‘Gotta keep living, though I’ve died twice’ Osip Mandelstam

Gotta keep living, though I’ve died twice,

and water’s driving the city crazy:

how beautiful, what high cheekbones, how happy,

how sweet the fat earth to the plough,

how the steppe extends in an April upheaval,

and the sky, the sky – pure Michelangelo…

 

by Осип Эмильевич Мандельштам (Osip Emilyevich Mandelshtam. His surname is commonly latinised as Mandelstam)

(1935)

translated by Andrew Davis

‘No, not the moon – the bright face of a clock’ by Osip Mandelstam

No, not the moon – the bright face of a clock

glimmers to me. How is it my fault

that I perceive the feeble stars as milky?

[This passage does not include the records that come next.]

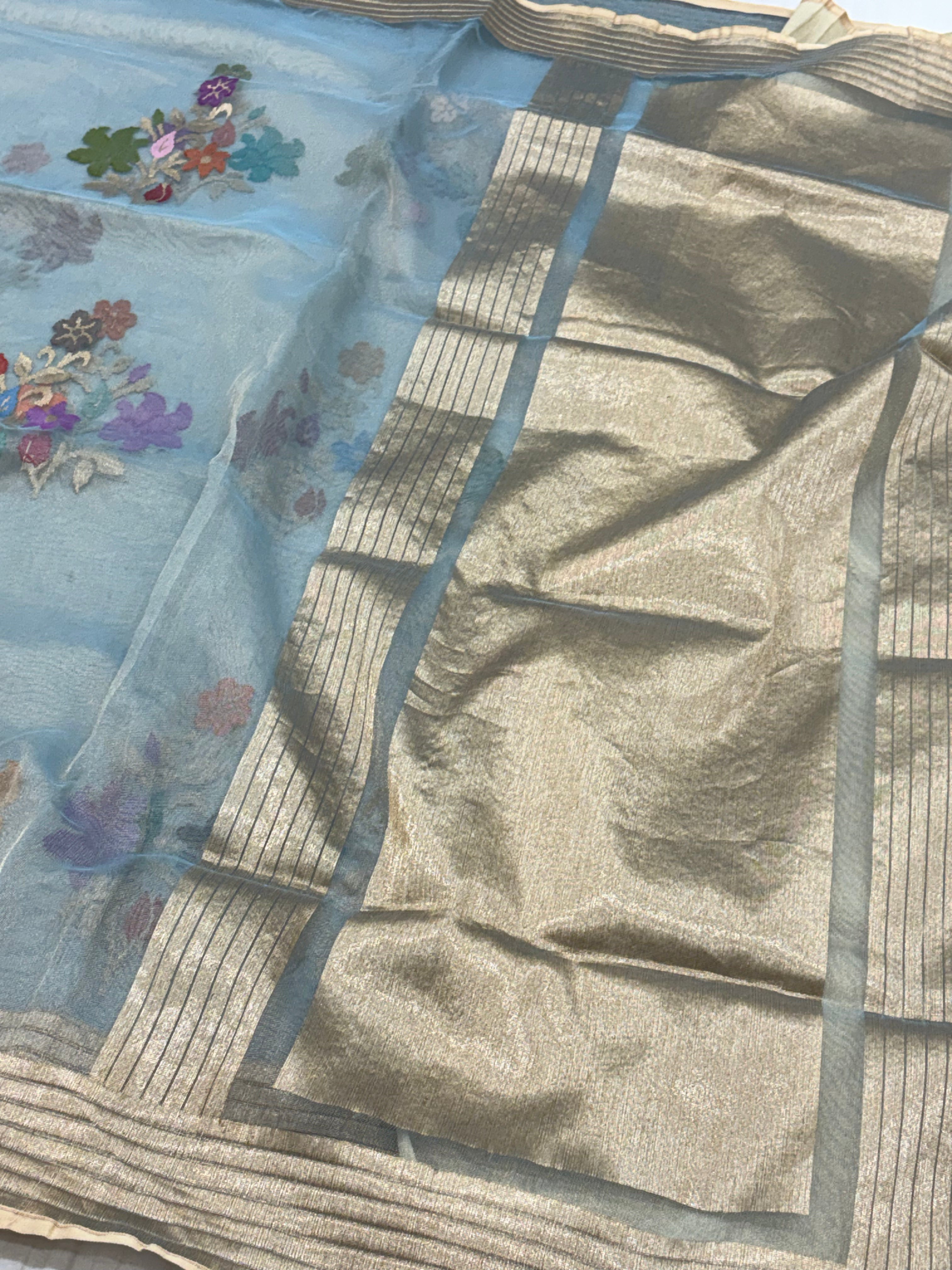 Teal Blue Pure Tissue Silk Banarasi Saree with Jamdani Minakari Boota
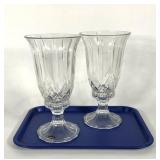 Pair of heavy 24% lead crystal candleholders,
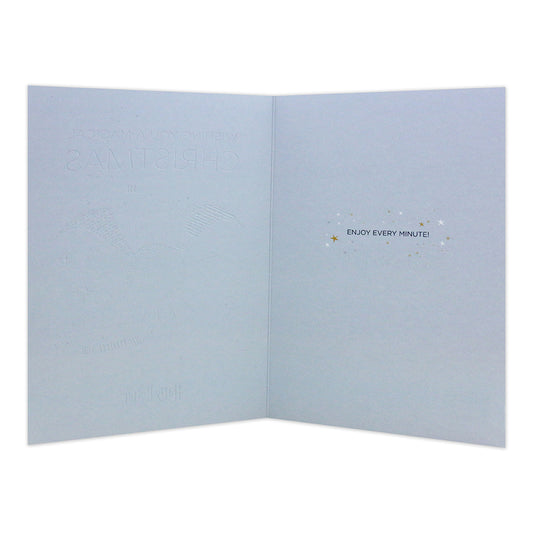 Hallmark Harry Potter Christmas Card - Magical featuring embossed interior design and the message 'Enjoy every minute' surrounded by stars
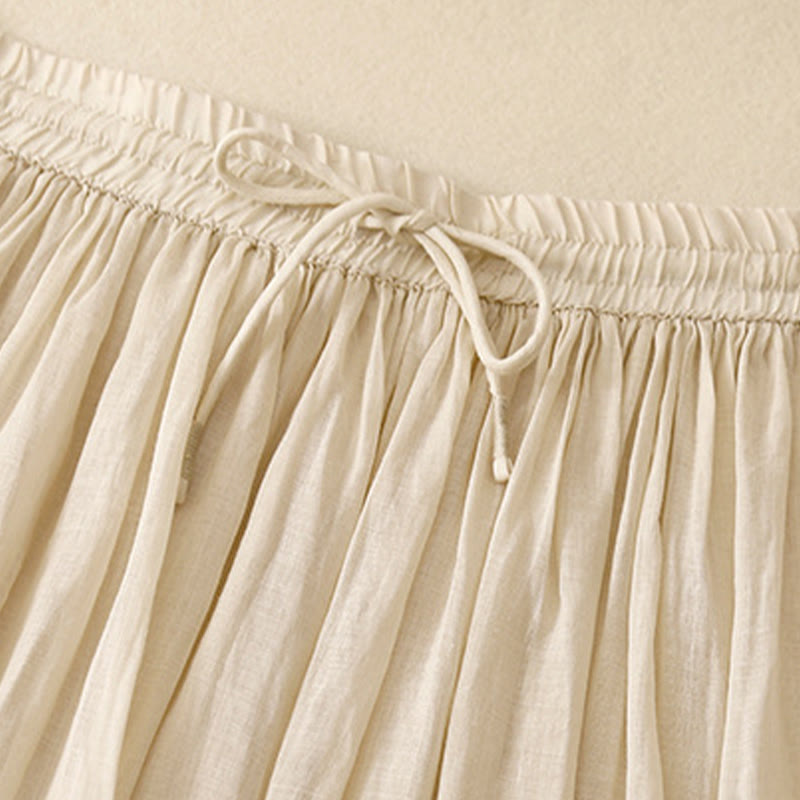 Buddha Stones Summer Solid Color Elastic Waist Drawstring Women's Skirt - image 22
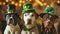 Cute Dogs with Leprechaun Hats, St. Patrick\\\'s Day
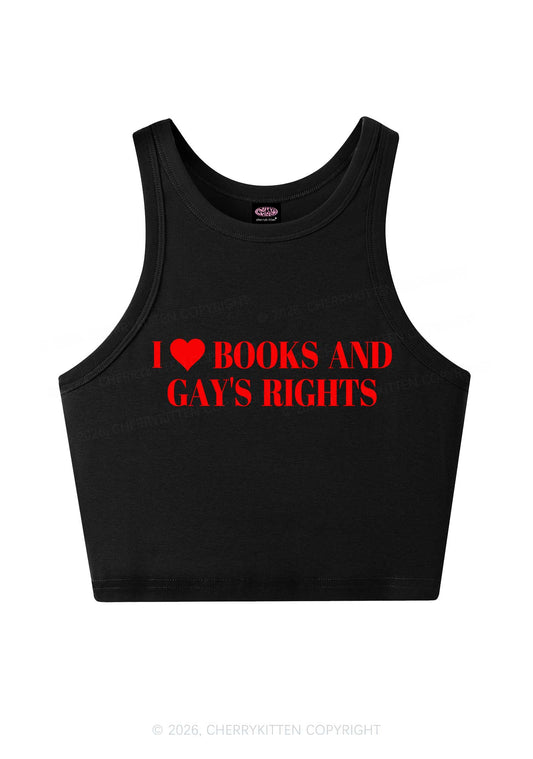 I Love Books And Gay Rights Pride Y2K Crop Tank Top Cherrykitten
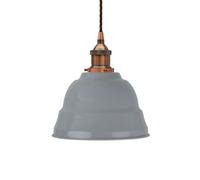 French Grey Lincoln Painted Dome Pendant Light With Antique Copper Lamp Holder And Brown Twisted Cable - Se Home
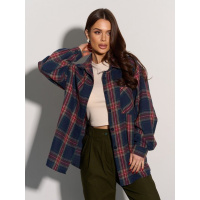 Сине-красная клетчатая рубашка из коттона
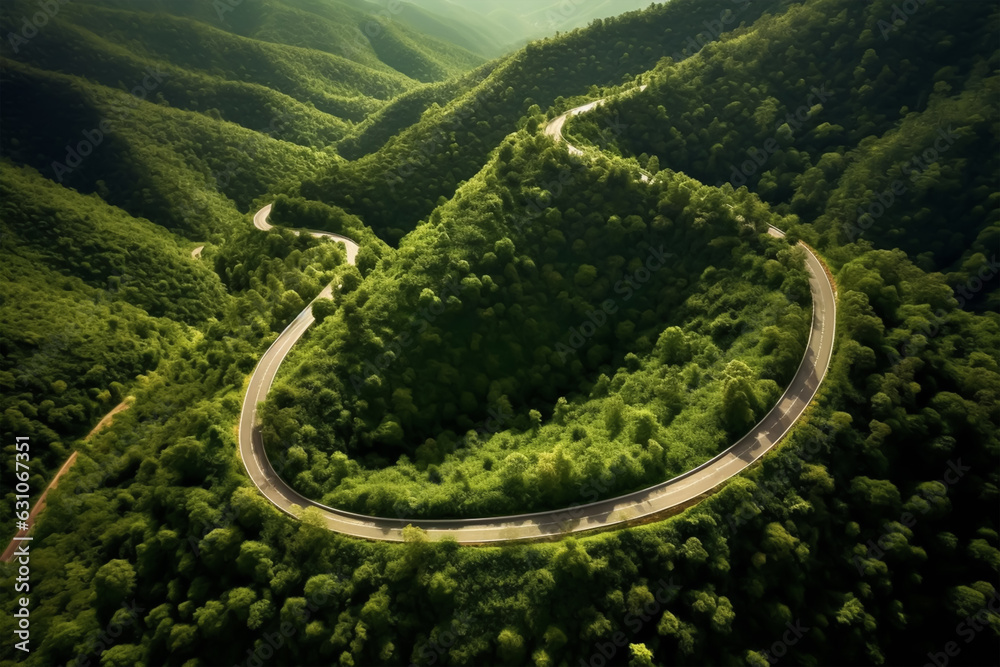 Aerial view of the winding road through the green forest in summer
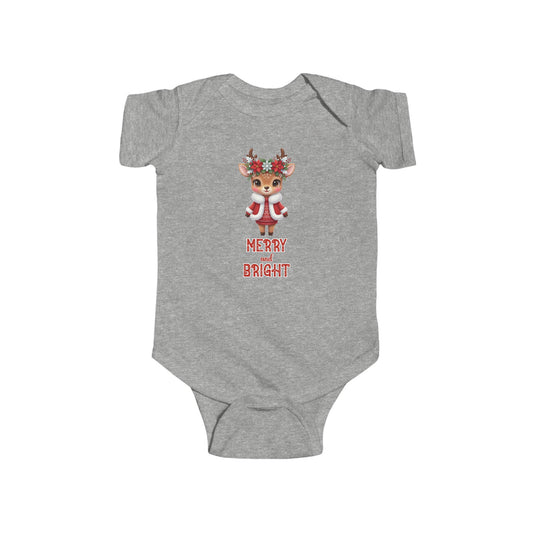 Merry and Bright Baby Reindeer Bodysuit, Merry and Bright Infant Outfit, Christmas Baby Clothes, Newborn Gift, Festive Family Photo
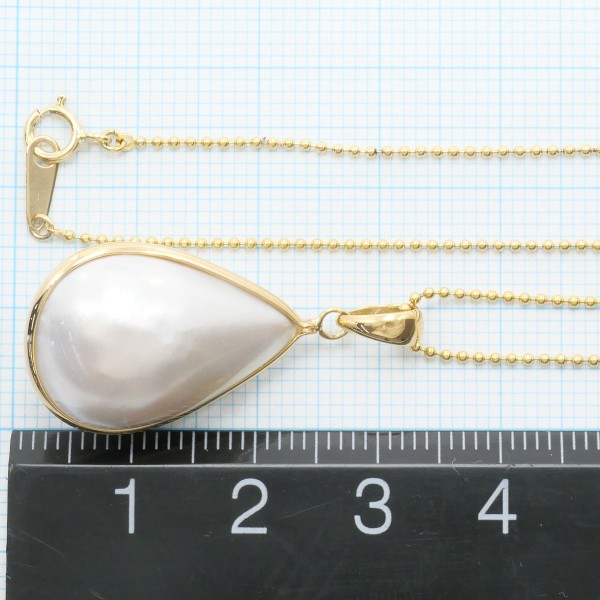 ネックレス K18 18金 YG イエローゴールド マベパール 総重量約4.3g 約40cm K18 18金 YG イエローゴールド ネックレス マベパール(真珠) 総重量約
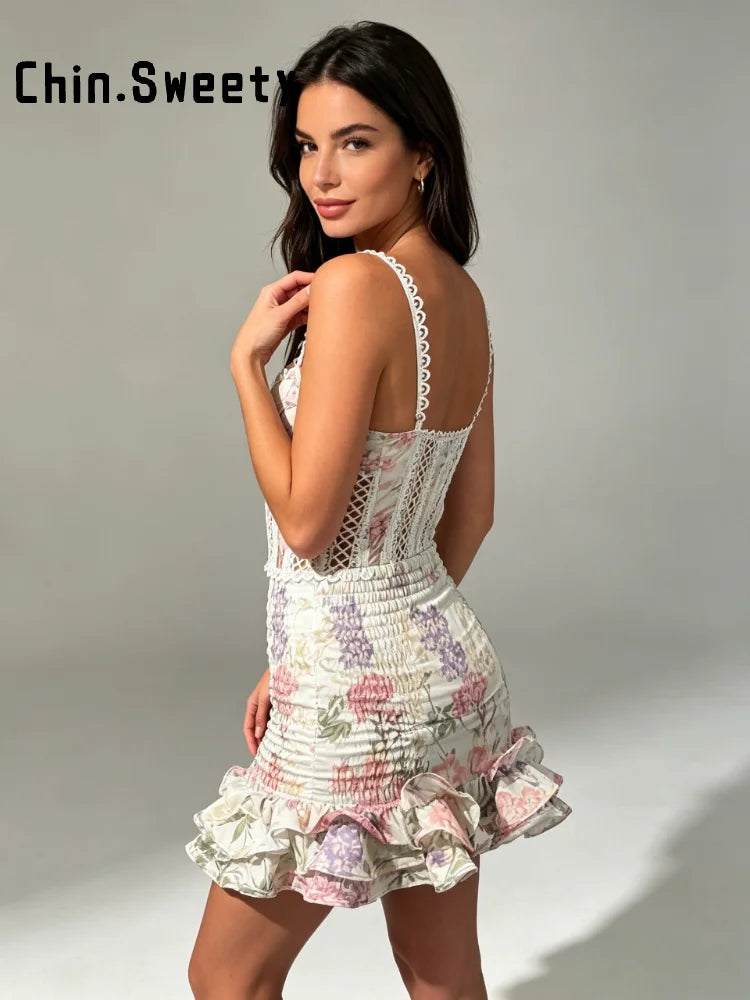 Floral Ruffle Mini Skirt Set With Lace Trim Top For Women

And I hate Batyushkov’s unbounding arrogance:

What time is it? Someone simply asked –

and he replied to them: eternity!

 

by Осип Эмильевич Мандельштам (Osip Emilyevich Mandelshtam. His surname is commonly latinised as Mandelstam)

(1912)

translated by Boris Dralyuk


Fun fact: Such an exchange did occur between Konstanin Batyushkov and his doctor and in his poem ‘For The Tombstone of a Little Girl’ he imagined a dead baby saying to her parents ‘Dear ones, don’t cry! / Envy my ephemerality; / I did not know this life, / And know eternity’ (translation by Peter France).